Oversight and Management of Preventive Controls. Once a facility has identified a preventive control for a hazard, the facility must make sure that the controls are being met.
- Monitoring. Procedures designed to provide assurance that preventive controls are consistently performed. Monitoring is conducted as appropriate to the preventive control. For example, monitoring of a heat process to kill pathogens would include recording temperature values. Monitoring must be documented.
- Corrections. These are steps taken, in a timely manner, to identify and correct a minor, isolated problem that occurs during food production.
- Corrective Actions. These include actions to identify and correct a problem implementing a preventive control, reduce the likelihood the problem will recur, evaluate affected food for safety, and prevent that food from entering commerce if you cannot ensure that the affected food is not adulterated. Corrective actions must be documented with records.
- Verification. These activities are required to ensure that preventive controls are consistently implemented and effective in minimizing hazards. Examples of verification activities include scientifically validating process preventive controls to ensure that the control measure is capable of effectively controlling an identified hazard and calibrating (or checking the accuracy of) process monitoring and verification instruments such as thermometers. Verification activities also include reviewing records to ensure that monitoring and corrective actions (if necessary) are being conducted. Verification activities must be documented. Product testing and environmental monitoring are also possible verification activities, required as appropriate to the food, facility, nature of the preventive control, and the role of that control in the facility’s food safety system. Environmental monitoring is required if the contamination of a ready-to-eat food with an environmental pathogen is a hazard the facility identified as requiring a preventive control.
Supply Chain Program
Bacteria and Refrigerated Foods
There are two completely different families of bacteria: pathogenic bacteria, the kind that cause foodborne illness, and spoilage bacteria, the kind of bacteria that cause foods to deteriorate and develop unpleasant odors, tastes, and textures.
Pathogenic bacteria can grow rapidly in the “Danger Zone,” the temperature range between 40 and 140 °F, but they do not generally affect the taste, smell, or appearance of a food. In other words, one cannot tell that a pathogen is present.

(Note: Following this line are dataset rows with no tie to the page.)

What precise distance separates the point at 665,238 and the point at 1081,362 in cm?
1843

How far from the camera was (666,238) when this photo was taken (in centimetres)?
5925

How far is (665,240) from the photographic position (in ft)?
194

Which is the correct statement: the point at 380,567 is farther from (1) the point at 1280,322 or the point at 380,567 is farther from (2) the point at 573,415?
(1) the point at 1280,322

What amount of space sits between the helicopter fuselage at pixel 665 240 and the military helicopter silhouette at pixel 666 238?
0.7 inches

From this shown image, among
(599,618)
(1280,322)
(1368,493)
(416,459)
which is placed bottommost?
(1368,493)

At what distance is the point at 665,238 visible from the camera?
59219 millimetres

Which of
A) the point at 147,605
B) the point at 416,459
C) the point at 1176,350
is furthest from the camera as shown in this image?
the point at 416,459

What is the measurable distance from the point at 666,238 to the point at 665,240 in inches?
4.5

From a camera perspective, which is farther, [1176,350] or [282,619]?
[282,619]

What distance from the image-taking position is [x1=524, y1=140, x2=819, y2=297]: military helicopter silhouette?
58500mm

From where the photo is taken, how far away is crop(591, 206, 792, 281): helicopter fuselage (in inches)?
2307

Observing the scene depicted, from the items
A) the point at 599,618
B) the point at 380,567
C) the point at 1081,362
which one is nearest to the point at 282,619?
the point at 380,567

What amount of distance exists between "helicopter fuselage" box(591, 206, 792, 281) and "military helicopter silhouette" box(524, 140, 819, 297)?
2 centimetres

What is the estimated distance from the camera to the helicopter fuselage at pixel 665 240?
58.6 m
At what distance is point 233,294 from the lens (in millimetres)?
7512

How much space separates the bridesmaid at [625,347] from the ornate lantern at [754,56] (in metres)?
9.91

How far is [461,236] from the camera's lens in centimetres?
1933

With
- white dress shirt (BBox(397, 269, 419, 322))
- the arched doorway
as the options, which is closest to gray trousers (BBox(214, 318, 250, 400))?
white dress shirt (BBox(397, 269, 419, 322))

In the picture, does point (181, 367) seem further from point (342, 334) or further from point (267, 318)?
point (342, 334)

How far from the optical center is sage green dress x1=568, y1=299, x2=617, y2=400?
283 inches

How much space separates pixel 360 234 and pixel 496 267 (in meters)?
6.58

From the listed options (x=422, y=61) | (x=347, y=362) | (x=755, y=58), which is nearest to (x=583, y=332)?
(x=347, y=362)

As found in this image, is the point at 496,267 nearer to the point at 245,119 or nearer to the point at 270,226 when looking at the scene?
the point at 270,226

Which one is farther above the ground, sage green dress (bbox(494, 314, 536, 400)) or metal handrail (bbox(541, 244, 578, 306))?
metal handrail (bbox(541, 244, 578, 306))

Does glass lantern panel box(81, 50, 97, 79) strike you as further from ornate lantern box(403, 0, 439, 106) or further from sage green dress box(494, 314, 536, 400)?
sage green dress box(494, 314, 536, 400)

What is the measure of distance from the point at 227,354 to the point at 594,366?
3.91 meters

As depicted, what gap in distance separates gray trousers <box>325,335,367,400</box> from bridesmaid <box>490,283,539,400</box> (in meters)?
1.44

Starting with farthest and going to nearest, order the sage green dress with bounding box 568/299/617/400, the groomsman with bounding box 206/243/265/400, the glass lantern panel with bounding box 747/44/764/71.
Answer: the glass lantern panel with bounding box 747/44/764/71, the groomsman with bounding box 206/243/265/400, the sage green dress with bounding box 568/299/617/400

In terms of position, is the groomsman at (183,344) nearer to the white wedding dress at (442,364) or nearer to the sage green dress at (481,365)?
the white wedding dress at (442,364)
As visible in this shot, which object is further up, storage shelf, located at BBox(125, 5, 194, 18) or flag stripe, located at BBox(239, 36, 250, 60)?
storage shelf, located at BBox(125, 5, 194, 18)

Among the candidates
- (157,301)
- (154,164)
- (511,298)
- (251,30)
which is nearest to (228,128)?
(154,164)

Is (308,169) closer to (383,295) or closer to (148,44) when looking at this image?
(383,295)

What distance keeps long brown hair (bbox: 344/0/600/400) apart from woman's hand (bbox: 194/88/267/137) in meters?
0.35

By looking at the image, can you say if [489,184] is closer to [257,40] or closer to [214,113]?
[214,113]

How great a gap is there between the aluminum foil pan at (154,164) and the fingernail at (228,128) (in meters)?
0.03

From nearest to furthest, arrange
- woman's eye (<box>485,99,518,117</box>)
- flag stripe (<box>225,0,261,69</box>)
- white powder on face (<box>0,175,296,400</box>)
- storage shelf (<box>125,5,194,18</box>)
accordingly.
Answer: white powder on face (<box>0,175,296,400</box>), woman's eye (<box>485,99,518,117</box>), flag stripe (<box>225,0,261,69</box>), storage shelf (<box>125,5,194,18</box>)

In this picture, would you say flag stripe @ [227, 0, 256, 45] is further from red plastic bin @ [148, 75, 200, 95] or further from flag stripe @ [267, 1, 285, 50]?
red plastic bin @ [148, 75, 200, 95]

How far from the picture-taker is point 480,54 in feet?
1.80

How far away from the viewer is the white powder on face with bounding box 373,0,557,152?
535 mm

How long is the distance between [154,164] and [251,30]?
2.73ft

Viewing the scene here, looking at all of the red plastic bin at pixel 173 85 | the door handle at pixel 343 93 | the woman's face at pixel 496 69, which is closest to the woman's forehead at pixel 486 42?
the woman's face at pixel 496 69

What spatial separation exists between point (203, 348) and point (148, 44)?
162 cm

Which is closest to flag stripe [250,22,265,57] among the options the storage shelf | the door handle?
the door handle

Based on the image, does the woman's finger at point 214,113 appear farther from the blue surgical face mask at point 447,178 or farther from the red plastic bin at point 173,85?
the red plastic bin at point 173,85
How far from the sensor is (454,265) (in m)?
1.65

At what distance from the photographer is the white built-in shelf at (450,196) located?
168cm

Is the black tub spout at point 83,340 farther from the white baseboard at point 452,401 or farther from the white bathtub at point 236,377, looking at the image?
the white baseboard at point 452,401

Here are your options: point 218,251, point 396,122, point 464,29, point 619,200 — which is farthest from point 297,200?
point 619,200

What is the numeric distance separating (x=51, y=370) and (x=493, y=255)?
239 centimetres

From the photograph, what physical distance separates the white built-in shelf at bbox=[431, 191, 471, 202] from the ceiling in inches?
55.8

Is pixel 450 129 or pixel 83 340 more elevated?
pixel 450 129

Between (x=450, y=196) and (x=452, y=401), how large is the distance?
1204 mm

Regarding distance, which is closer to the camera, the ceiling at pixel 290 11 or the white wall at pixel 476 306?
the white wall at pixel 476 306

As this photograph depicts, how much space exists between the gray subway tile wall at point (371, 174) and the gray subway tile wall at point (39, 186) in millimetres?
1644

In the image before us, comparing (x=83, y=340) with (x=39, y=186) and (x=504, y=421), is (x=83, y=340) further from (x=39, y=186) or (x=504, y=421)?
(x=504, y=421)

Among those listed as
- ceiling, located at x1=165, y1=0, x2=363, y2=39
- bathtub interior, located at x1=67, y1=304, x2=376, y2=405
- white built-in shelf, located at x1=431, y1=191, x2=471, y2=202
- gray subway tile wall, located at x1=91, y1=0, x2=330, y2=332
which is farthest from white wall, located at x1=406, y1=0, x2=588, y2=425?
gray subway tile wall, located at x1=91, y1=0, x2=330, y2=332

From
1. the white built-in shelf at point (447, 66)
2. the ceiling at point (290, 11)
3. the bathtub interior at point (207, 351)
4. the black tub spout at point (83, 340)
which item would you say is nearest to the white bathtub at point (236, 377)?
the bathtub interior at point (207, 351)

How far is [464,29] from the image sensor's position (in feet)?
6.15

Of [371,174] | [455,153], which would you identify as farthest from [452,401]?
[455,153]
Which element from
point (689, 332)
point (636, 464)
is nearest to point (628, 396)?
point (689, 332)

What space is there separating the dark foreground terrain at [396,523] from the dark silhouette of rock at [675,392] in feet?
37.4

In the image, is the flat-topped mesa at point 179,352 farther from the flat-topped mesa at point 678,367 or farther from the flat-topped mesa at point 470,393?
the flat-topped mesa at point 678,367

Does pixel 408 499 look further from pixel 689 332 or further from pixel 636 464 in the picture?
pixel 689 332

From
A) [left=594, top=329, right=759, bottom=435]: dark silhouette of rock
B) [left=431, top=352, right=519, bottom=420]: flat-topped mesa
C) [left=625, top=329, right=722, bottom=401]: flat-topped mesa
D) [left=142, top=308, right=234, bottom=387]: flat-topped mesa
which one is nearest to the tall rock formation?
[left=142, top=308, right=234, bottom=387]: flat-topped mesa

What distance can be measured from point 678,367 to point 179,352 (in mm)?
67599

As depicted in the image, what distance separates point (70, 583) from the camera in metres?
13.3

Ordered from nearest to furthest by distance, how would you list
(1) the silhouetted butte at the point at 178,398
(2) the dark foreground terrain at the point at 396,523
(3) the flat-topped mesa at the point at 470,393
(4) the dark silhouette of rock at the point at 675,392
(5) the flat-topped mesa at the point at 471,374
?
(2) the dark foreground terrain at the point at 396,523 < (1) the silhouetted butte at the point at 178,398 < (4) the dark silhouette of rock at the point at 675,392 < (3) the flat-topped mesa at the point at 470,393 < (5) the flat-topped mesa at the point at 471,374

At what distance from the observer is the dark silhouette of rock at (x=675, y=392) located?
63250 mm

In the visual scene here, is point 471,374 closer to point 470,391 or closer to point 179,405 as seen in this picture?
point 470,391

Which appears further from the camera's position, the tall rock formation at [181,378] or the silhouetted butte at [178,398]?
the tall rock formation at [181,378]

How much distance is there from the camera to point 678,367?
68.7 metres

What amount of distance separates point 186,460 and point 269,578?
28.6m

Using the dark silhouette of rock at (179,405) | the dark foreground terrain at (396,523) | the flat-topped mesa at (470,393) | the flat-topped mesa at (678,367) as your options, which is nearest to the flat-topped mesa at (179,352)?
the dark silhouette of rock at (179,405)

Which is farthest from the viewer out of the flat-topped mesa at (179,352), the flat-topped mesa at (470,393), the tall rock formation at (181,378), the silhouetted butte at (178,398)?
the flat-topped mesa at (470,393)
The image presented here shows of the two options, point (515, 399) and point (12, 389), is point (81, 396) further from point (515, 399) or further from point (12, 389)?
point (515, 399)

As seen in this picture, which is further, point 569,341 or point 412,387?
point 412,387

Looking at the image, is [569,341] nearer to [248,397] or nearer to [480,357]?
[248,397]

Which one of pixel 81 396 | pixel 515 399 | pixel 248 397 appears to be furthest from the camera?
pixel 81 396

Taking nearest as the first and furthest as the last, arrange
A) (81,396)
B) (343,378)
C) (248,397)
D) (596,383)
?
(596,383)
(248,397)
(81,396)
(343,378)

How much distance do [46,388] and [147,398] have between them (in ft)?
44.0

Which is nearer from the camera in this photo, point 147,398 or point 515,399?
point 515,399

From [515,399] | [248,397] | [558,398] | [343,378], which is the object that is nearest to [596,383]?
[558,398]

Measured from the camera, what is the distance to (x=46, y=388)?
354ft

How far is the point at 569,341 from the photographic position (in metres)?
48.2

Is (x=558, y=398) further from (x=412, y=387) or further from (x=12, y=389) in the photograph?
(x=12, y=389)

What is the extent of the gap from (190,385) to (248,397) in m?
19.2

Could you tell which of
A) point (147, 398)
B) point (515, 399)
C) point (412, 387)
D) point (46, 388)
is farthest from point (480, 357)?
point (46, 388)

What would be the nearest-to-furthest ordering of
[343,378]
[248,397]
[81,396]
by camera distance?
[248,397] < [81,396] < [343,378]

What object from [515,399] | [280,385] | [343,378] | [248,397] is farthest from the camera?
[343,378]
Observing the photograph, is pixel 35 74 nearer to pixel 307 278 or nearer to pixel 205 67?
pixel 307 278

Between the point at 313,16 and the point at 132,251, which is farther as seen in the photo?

Spoilage bacteria can grow at low temperatures, such as in the refrigerator. Eventually they cause food to develop off or bad tastes and smells. Most people would not choose to eat spoiled food, but if they did, they probably would not get sick. It comes down to an issue of quality versus safety:
- Food that has been left too long on the counter may be dangerous to eat, but could look fine.
- Food that has been stored too long in the refrigerator or freezer may be of lessened quality, but most likely would not make anyone sick. (However, some bacteria such as Listeria monocytogenes thrive at cold temperatures, and if present, will multiply in the refrigerator over time and could cause illness.)